The building housed up to 6 Link Trainers which each student was trained on for four hours. Another four hours of video instruction was provided in Building #8. The aircraft they were training to fly was the Grumman TBF Avenger torpedo bomber. Most airmen trained as NAS Fort Lauderdale were subsequently assigned to squadrons which flew the planes from aircraft carriers in the Pacific. Among them was the then 19 year–old Ensign George H. W. Bush, future United States President.

The air station remained active for some time after the war until in 1948 it was declared surplus by the United States Navy. In stages the air station reverted to civilian control and ownership and Building #8 the Link Trainer Building became the property of Broward County. From a peak of 110 naval buildings during the war the remaining structures dwindled through the years. In 1978 about ten remained, in 1989 there were five. By 1998 the Naval Surface Weapons Center building had been demolished leaving only the Link Trainer Building. The NAS Fort Lauderdale had become the Fort Lauderdale–Hollywood International Airport.

==Modern times==
Vacant from 1945 to 1955 from then until 1980 it was leased for private offices. From 1981 to 1987 it was used as office space by consults involved in planning the expansion of the Fort Lauderdale–Hollywood International Airport. The Naval Air Station Fort Lauderdale Historical Association was active in fostering interest in the historic building and having it nominated to be added to the National Register of Historic Places.

Founded in 1979 by WW II sailor Allan McElhiney the association first obtained a grant from the City of Fort Lauderdale to restore the interior of the building. In 1995 the Broward County Avaiation Department applied for a federal grant to restore and move the building. The grant became contingent on the building being listed as on the National Register of Historic Places. Eventually a grant from the United States Department of Transportation funding moving and refurbishing the building.
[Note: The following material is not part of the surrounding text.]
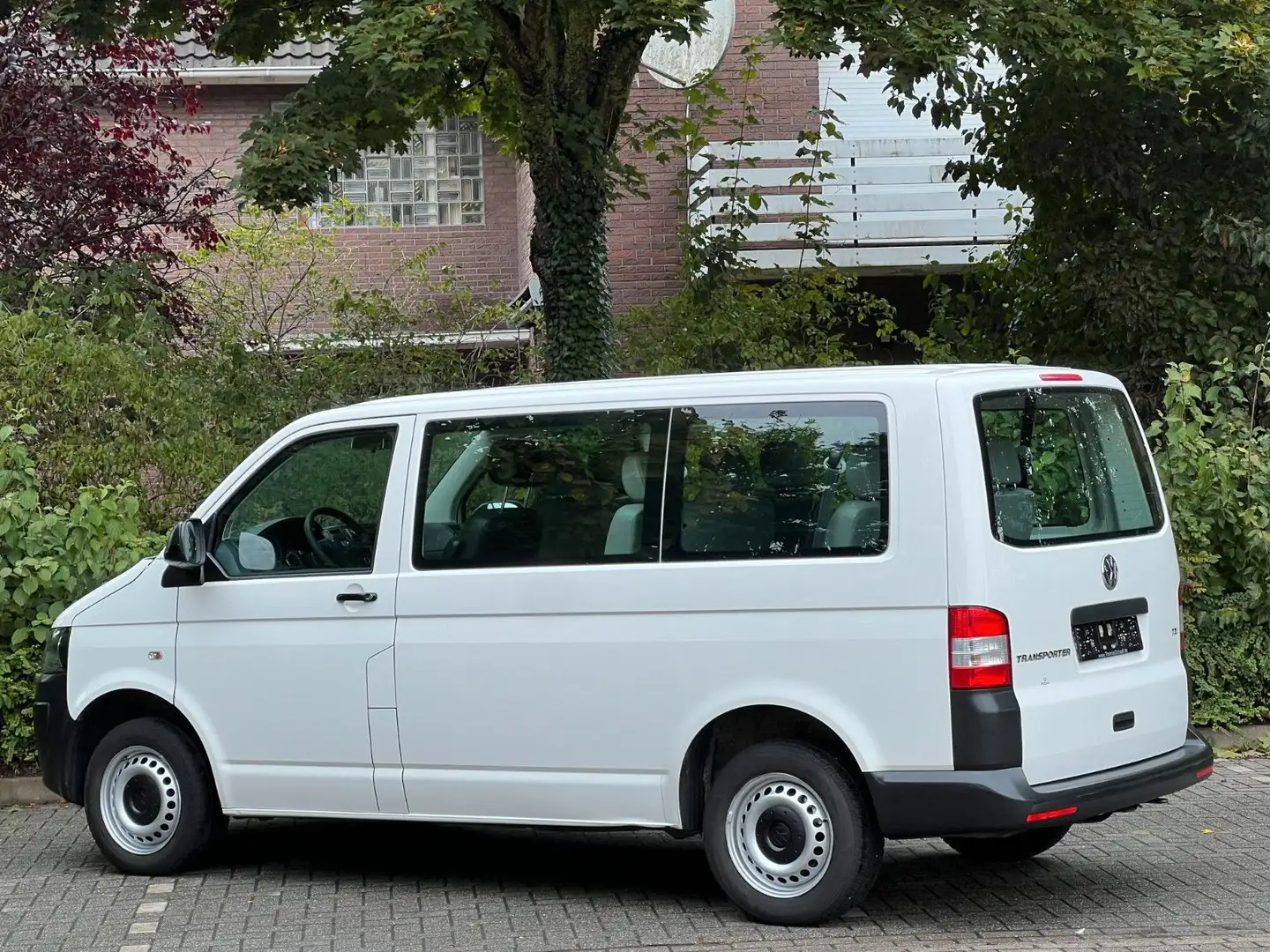 Volkswagen T5 Kombi 2.0 Tdi L1H1 9 Sitze Klima Euro 5 Weiß - 2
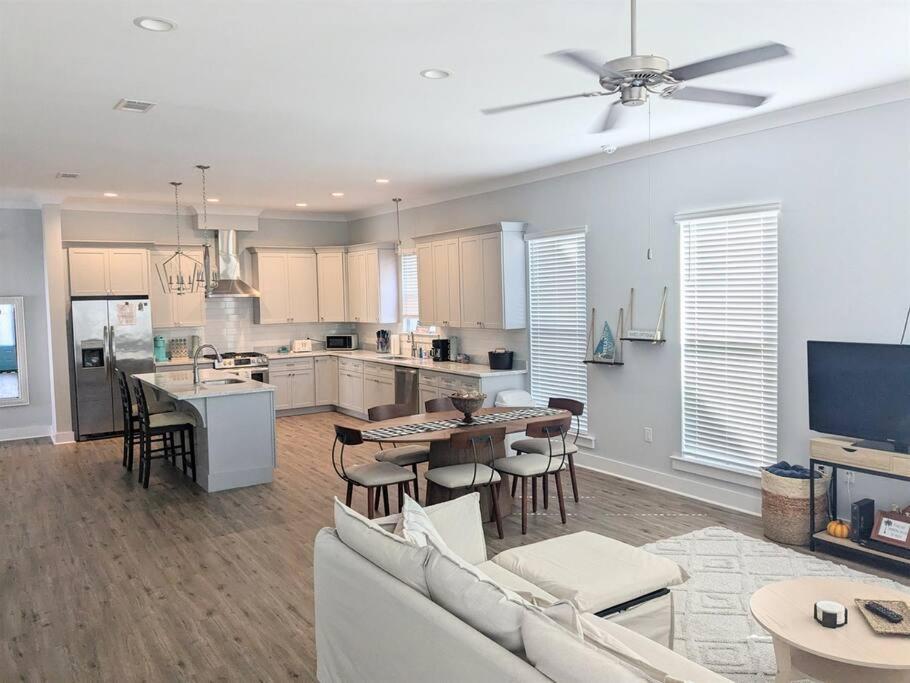 Tegarden Cottage at Gulfport Beach view 5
Since being moved to its current location it has been operated as the Naval Air Station Fort Lauderdale Museum. The museum now has one Link Trainer on display. It was obtained by the museum in 2007 and restored the following year. The museum's displays include "The George Bush Room" a recreated soldier's barracks, "Broward Goes to War" and a memorial to Flight 19 a group Grumann Avengers flying out of NAS Fort Lauderdale whose disappearance is unexplained.